Las Águilas Cibaeñas clasificaron y estarán en la serie semifinal de nuestro béisbol. Como es natural, por culpa de las consecutivas derrotas de nuestro equipo estábamos nerviosos, con serio temor de recibir “cuerda” de los contrarios si quedábamos fuera de competencia.

Soy un aguilucho empedernido, de esos que juran que no podemos perder, que no hay nada más excitante que ganarle al Licey, que nuestro estadio es el más alegre del mundo, que nuestra Aguilita es la mascota más fenomenal del universo, que no hay merengue tan contagioso como “Leña” y que Cucharimba es un mago moderno.

Por ello, cuando “no vemos a Linda”, como sucedió en muchos de los últimos juegos, no vamos al play, le echamos la culpa del fracaso al Chilote y hasta al fenecido Guallaberudo, si es que así se escribe el nombre de aquel pintoresco personaje.

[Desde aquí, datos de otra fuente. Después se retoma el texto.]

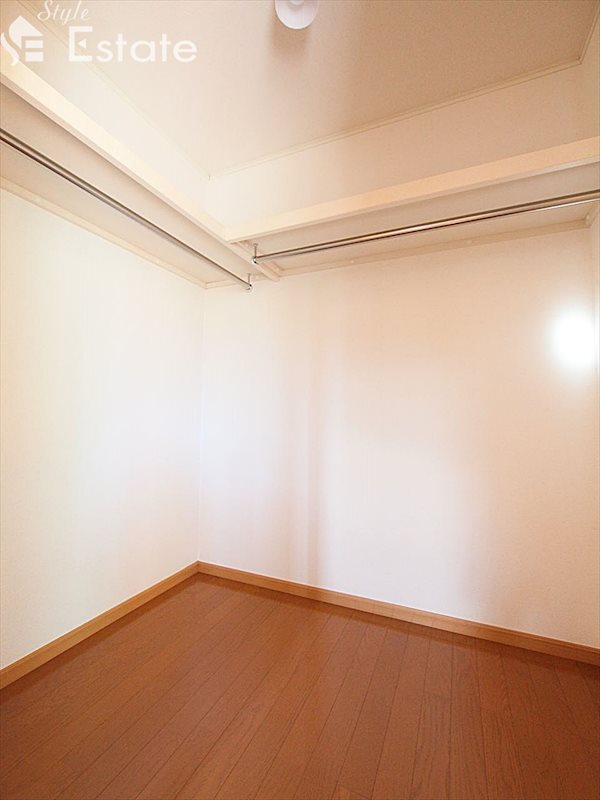 収納　ウォークインクローゼット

Y en esos tristes momentos, para intentar variar el ingrato desempeño, apelamos a un secreto no exclusivamente sureño: las cábalas. Y aunque no les doy crédito (por Dios, soy civilizado), la verdad es que en ocasiones resultan.

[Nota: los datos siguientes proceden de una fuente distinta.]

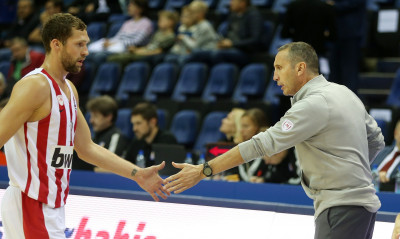 Ολυμπιακός: Περιμένει Στρέλνιεκς ο Μπλατ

Una cábala es una superstición, algo que si hacemos provoca que nuestros deseos se hagan realidad. La mayoría la ejecuta en secreto, dizque porque así es más efectiva; otros, en cambio, la pregonan con orgullo, como si eso ayudara a su causa.

Hace días nos reunimos varios amigos para analizar las razones del desplome de nuestro equipo. Como por arte de magia, casi a coro exclamamos: “Las Águilas no triunfan, porque no he recurrido a mis cábalas”. Inmediatamente hubo una guerra de cábalas.

Afirmábamos que solo la nuestra podía cambiar nuestro rumbo y, mientras lo hacíamos, observábamos a los demás de reojo, con recelo.

Uno aseveró que deberá ir al play con la ropa interior al revés, que ahí estaba la clave. Otro dijo que le echará Agua de Florida a la gorra antes de iniciar el partido y que eso sí que funcionará. El alcohólico del grupo expresó que las derrotas se debían a que había roto su promesa de no beber durante el juego, pero ya. La única dama presente, algo imprudente, se destapó que prometió no mentirle al novio si las Águilas avanzaban.

Y yo no podía quedarme atrás. Manifesté orondo que nuestra fortuna cambiará pues me pondré mi camisa mamey de la buena suerte, que tiene un don, un misterio, un no sé qué, algo casi místico que inyecta gallardía al equipo y eso lo convierte en invencible.

Al final todos disfrutamos de las ocurrencias. Y concluimos que no creíamos en las absurdas cábalas, pero que las llevaríamos a la práctica, por si acaso. Y así lo hicimos. Y el resultado: ¡clasificamos!